Но вся эта «сортировка» происходит уже на вторую неделю после перемещения во вторую тюрьму. А в первую неделю все находятся в одном павильоне на карантине. Все. И первоходцы, и отмороженные. Все.
Этот павильон – одно большое помещение с высокими потолками, наверное, метров около восьми. В нём расположено 25 двухэтажных коек. То есть, 50 спальных мест. Слишком много народу, все незнакомые, много конченных. Я бы сказал, 90% конченных. И постоянное ощущение напряжения.
Много воруют. Воруют, нарываются на драки, провоцируют. Общаются по-особенному, растягивая слова – у них свой диалект. Мне нужно было провести в этом карантинном блоке целую неделю.
Парень, который ехал со мной, был уже четырежды судим. Он первый выбрал себе койку, потом позвал меня: «Русо, давай, иди сюда». Он занял второй этаж, я первый. В изголовье кровати к стене были приделаны металлические полки. На них можно было положить свою одежду и какие-то личные вещи.

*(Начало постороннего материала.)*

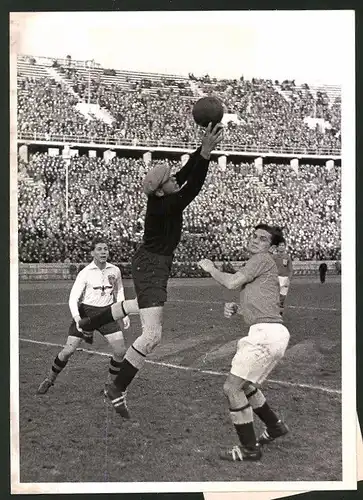 Fotografie Fussballspiel Wien : Berlin im Olympiastadion Berlin 1942, Torwart Jahn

Я не сразу понял, что лучше этого не делать. И что одежду и ценные вещи стоит спрятать под матрац или под подушку. И вообще стараться не покидать зону видимости кровати и не сводить глаз со своих вещей. Поначалу я не был готов к этому.
В карантинном блоке я сразу столкнулся со сложностями, как будто мне показывали какой-то фильм про выживание. И главным героем фильма был я. Дело было не только в переполненном блоке, хотя это тоже сказывалось – столько незнакомых людей, большинство из которых явные отморозки, все эти запахи, звуки. Но было непросто даже в бытовом плане.
Если в первой тюрьме давали тарелки, хотя бы пластиковые, то здесь не было ни столовых приборов, ни посуды. Кто-то из заключенных, кто уже проходил этот путь, прихватил из прошлой тюрьмы все эти вещи. А я не знал, поэтому ничего с собой не взял, у меня вообще ничего не было.
Через какое-то время после того как нас туда закинули, принесли еду. Она была в больших кастрюлях. Мой попутчик из автобуса вызвался раскладывать обед. Это было некое фасолевое блюдо, между супом и вторым, какая-то тушеная фасоль с мясом и с овощами. И у кого-то были тарелки, у кого-то не было.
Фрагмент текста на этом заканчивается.